Ad eccezione dell’interesse per la piazza Monte Grappa, anche recentemente messa in relazione con la piazza della Vittoria che Marcello Piacentini firma per Brescia, o l’interesse affatto castigato per la fallica piscina di Pietro Porcinai a villa Milyus, non si conosce molto delle pregevolissime realizzazioni di altri grandi architetti che hanno lavorato per la città, anche se molte sono quotidianamente sotto gli occhi di tutti.

Ad esempio l’architetto Vittorio Morpurgo, artefice del nuovo piano regolatore e di sviluppo edilizio della città e di numerosi edifici, fra i quali la Casa del Balilla in via Copelli.
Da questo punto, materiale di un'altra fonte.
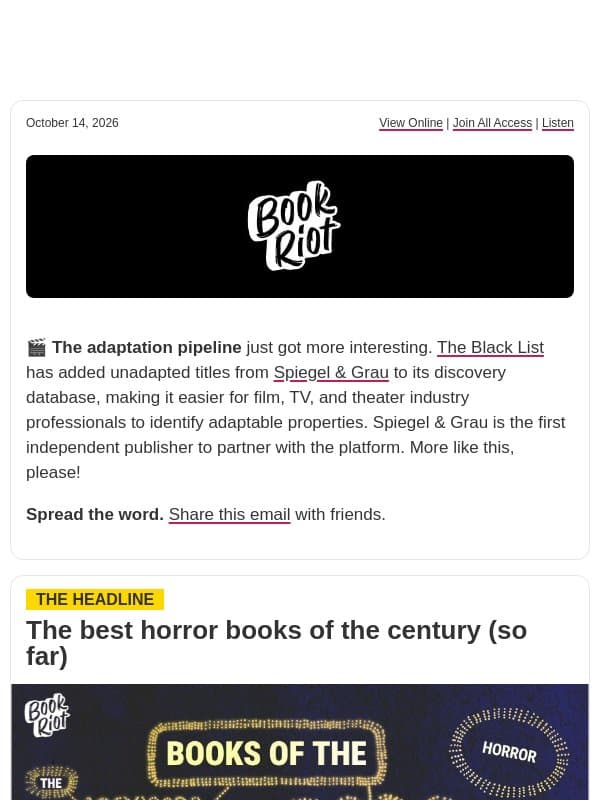 📚 A big impact on the genre email from Book Riot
L’edificio, che fino a pochi anni fa era occupato dalla Polizia Municipale, era concepito per l’educazione sportiva dei giovani, progettato secondo una articolazione degli ambienti tipica delle strutture di piccole dimensioni del Partito nazionale Fascista.
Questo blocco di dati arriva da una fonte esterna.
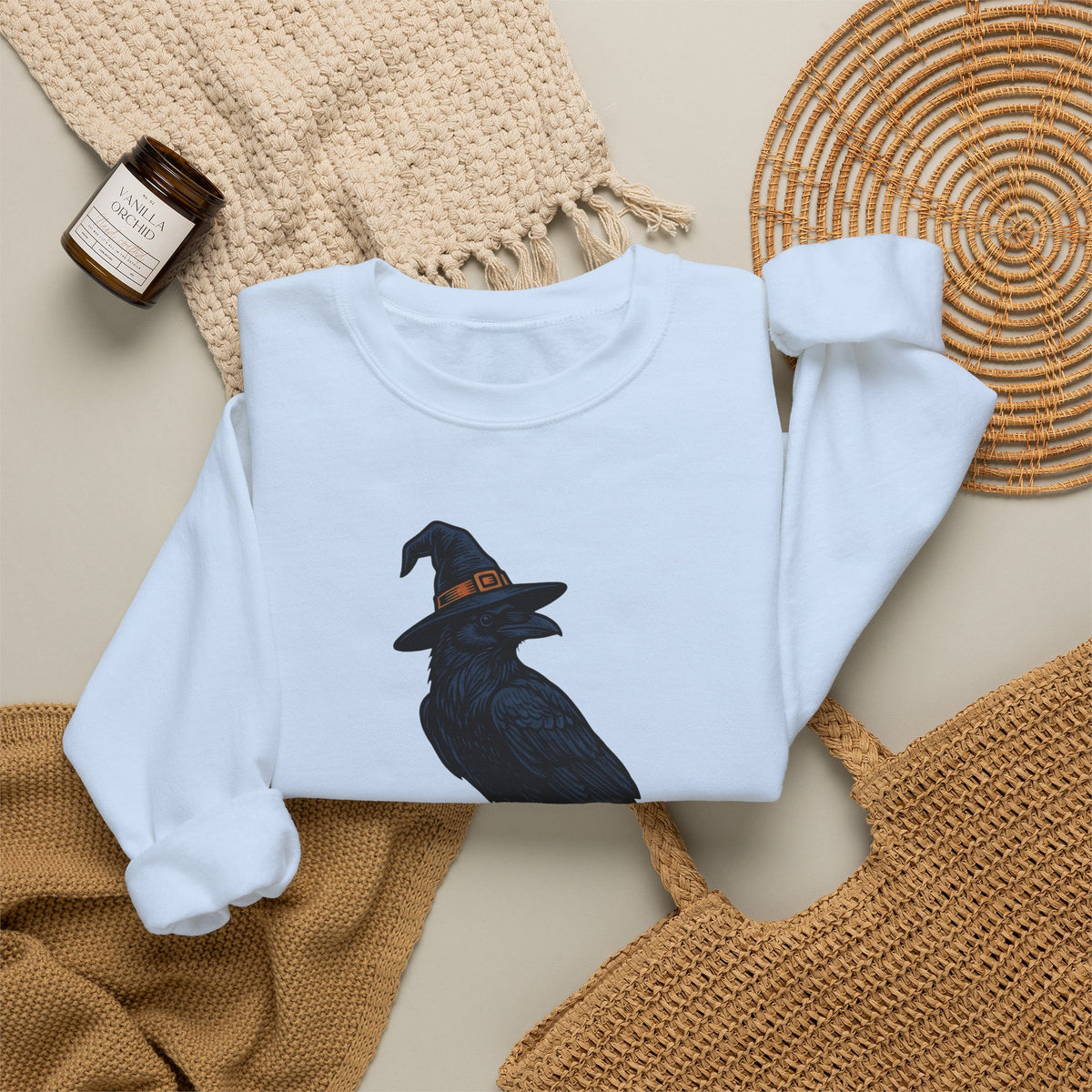 Raven Wizard Hat Sweatshirt Halloween Horror Gift Women Antique Sweatshirt Witch Hat Sweatshirt Spooky Fan Occult Sweatshirt Horror Graphic Ink Fortune Ball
Un corpo di fabbrica a due piani che comprende un grande salone con funzioni multiple: per le riunioni, gli esercizi e i momenti ludici dei giovani. Una biblioteca, una sala per l’esercizio della scherma. Al primo piano gli uffici e altri ambienti minori per studio, residenza, usi vari e i bagni. Austero e severo nelle linee architettoniche, affacciato su uno spazio che prende le sembianze quasi di una piazza, Morpurgo i motivi decorativi del portale, della loggia interna che fa da coronamento allo scalone principale,

e soprattutto i dipinti di Giulio Rosso, assumono rilevanza particolare. Il mio interesse è soprattutto per i dipinti, per deformazione professionale. Chissà se sono ancora esistenti nell’abside al piano terra, al di sotto di mani diverse di imbiancature o sono stati distrutti. Giulio Rosso è un pittore, decoratore e illustratore toscano, nato a Firenze nel 1897, che nel ventennio fascista conquista una certa notorietà soprattutto partecipando alla decorazione di edifici pubblici in molte città italiane: affresca con abilità il Teatro Savoia a Firenze, villa Piacentini a Genzano, Piazzale dell’Impero al Foro Italico, Stazione Ostiense, e opere varie all’EUR. Nella Casa del Balilla a Varese firma un’opera pittorica fantasiosa e dallo spiccato senso grafico ispirata alle attività che li si svolgevano.